Monday, August 15, 2011

Last Day

What can I say? The last day has been as beautiful as the rest, perhaps more sweet as it is our last. Yet reality is, I'm not that far away. I am lucky and find comfort in the fact that I do not live far from Greece and Amvrakikos Gulf, and can therefore,always come back. Equally, I have enough fuel for thought. It is not often that we take one persons view as face value, and yet Joan and Ioannis have presented convincing evidence. The fact that they have also allowed us to consider several others' views and experiences lays further testiment to their own confidence in their research. If both scientists and fisherman in the area, and abroad, can agree on the decline of fish, and the threat to the sea, who am I to argue? We see for ourselves the effect humans have on the world, both the good and the bad, so there can be no doubt that our desire for fish will have some influence on the ecosystem. I suppose it is what we do with this knowledge that makes all the difference. From that regard, I am happy for the opportunity Earthwatch has given me, to be educated and more informed when making my decisions. I know I will do my best to help protect the seas and all that lives within it, will most likely get numerous things wrong along the way, but feel the effort is more than worth it. Wouldn't you agree?

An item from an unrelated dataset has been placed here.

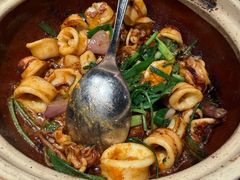 -大鸽饭(岗顶店)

Sho, Barbara and I keeping a watch out for dolphins while Ioannis tries to get the proof.
Photo Tethys Research Institute

The calf and mum
Tethys Research Institute

Sho's great shot

Sunday, August 14, 2011

The 5th Day at Sea - Dolphins Everywhere!

How can one not be impressed by Amvrakikos? Especially on a day, when dolphins were found in abundance. Today we headed to transect G on the other side of the gulf. Scanning the horizon, Joan pointed out indicators to help us locate dolphins that may be far away. For example, flocks of birds often dive around where dolphins are feeding and try to snatch up some tasty morsals. Can you see the birds in this picture? I will get better ones to post from Joan later. Sure enough, in no time at all, everyone was calling out spottings. From almost every direction. We had been assigned an area to keep watch off so if 12:00 was the bow (front) and 6:00 the back we could cover 360 degrees around the boat and identify the location. Of course in our excitement we forgot half of what we were suppose to say (the where and how far) until Joan calmed us down and chose our focal group. This group we were to follow no matter what else was seen in the area until we had obtained enough data or the dolphins chose to leave us behind. Can you see the dolphin behind me? I also have a video to add but so far no go but I will work on it. The main objective Joan and his team have been trying to answer is 'How many dolphins live in the Amvrakikos Gulf?' and 'Are they residents or migrantory?' Over the years, since 2001, the evidence points to bottlenose dolphins living in the gulf. They had tested just outside of the gulf where dolphins could enter from the sea and only one group of dolphins were ever found, none of which entered the gulf. This is important because the Amvrakikos is the dolphins home. Whatever happens to the gulf then can affect the dolphins.

Thankfully, none of the bottom trawlers or purse sieners we discussed earlier are allowed here, only small sustainable fishing is allowed. This means there is plenty of sardines (the main diet) for dolphins to eat. Yahhh!Do you remember the European Pilchard I mentioned in the first blog? It is a type of sardine. Also, there are no predators, like sharks - Yahhh again. So we should have happy and plentiful dolphins. Can you see the contrast to the Kalamos region we visited before? Like Kalamos however, the main threat to dolphins is us (and looked what happned to the wildlife there!). Because we have seen what can happen (we have proof!)we need to be extra careful.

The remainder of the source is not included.